=== Problem details ===
Starting with the line that holds "Com gol de Kauã", repeat each line through the last one below, exactly. Pictures stay out.

=== Information shown ===
+++++

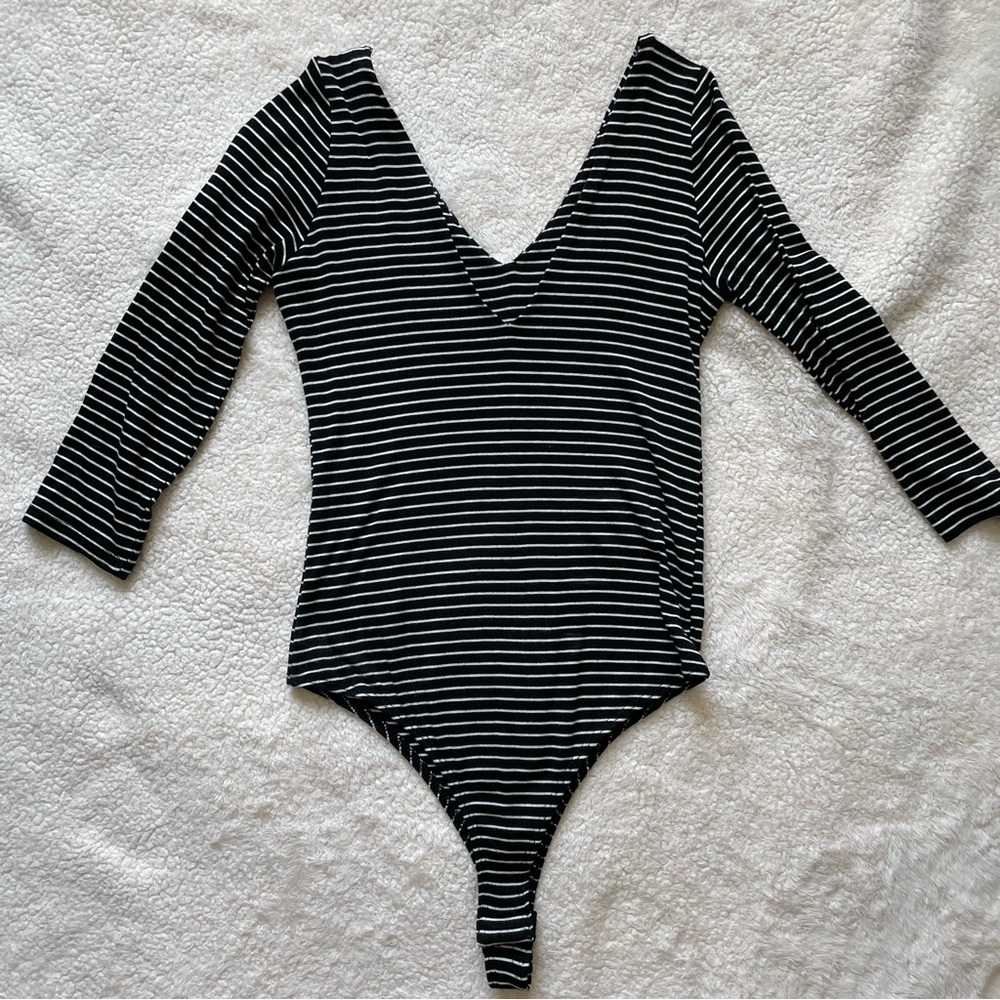 Lulus Class Cutie Black Striped V-Neck Bodysuit Size S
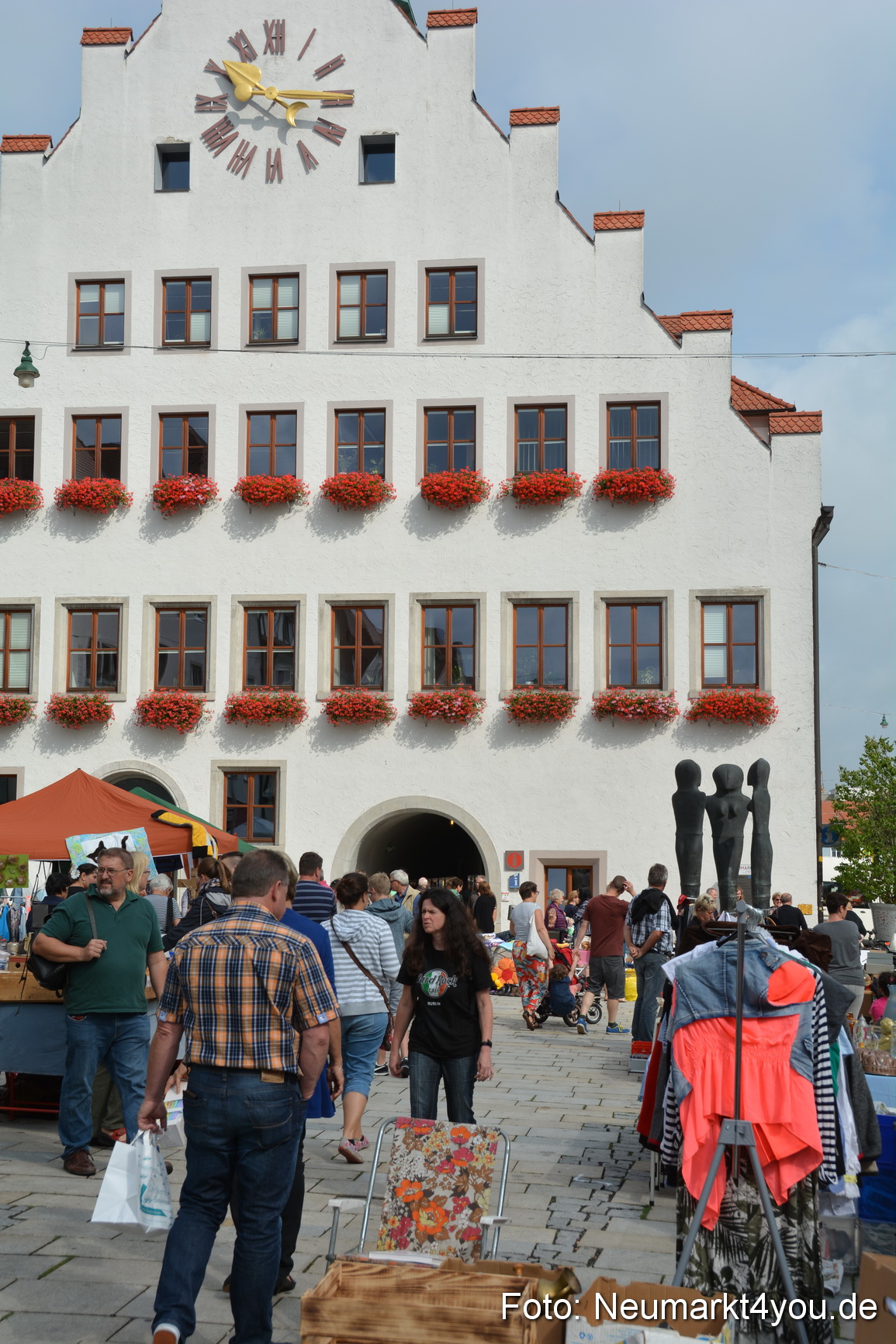 Altstadtflohmarkt Neumarkt 060816 0053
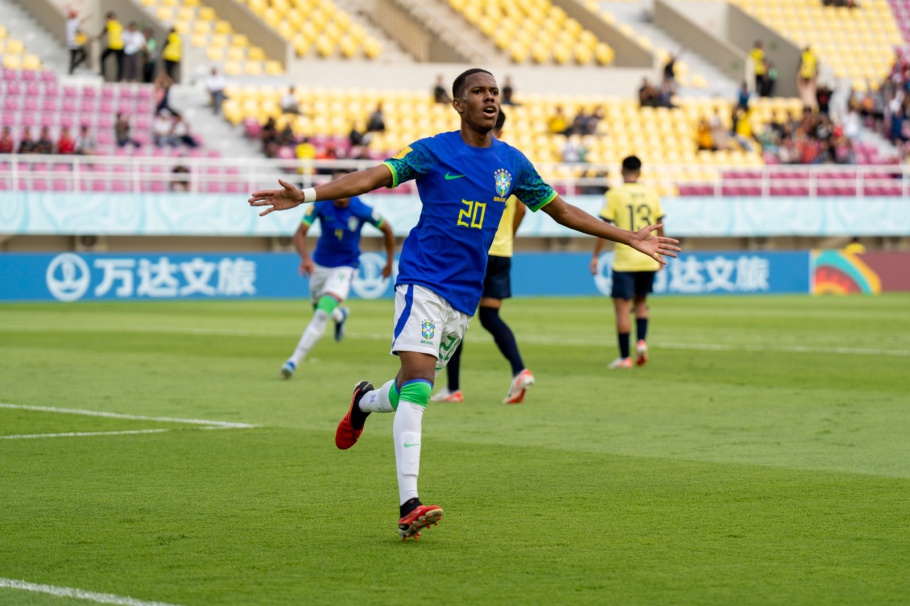 Com gol de Kauã Elias e assistência de Esquerdinha, Brasil bate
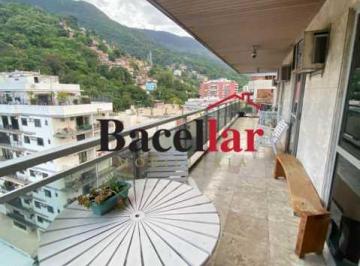 Apartamento · 160m² · 4 Quartos · 3 Vagas · 18 DE OUTUBRO VARANDÃO 4 QUARTOS 1 SUÍTE SALA 3 AMBIENTES LAVABO COPA COZINHA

+++++

=== Reply ===
 Com gol de Kauã Elias e assistência de Esquerdinha, Brasil bate
 Apartamento · 160m² · 4 Quartos · 3 Vagas · 18 DE OUTUBRO VARANDÃO 4 QUARTOS 1 SUÍTE SALA 3 AMBIENTES LAVABO COPA COZINHA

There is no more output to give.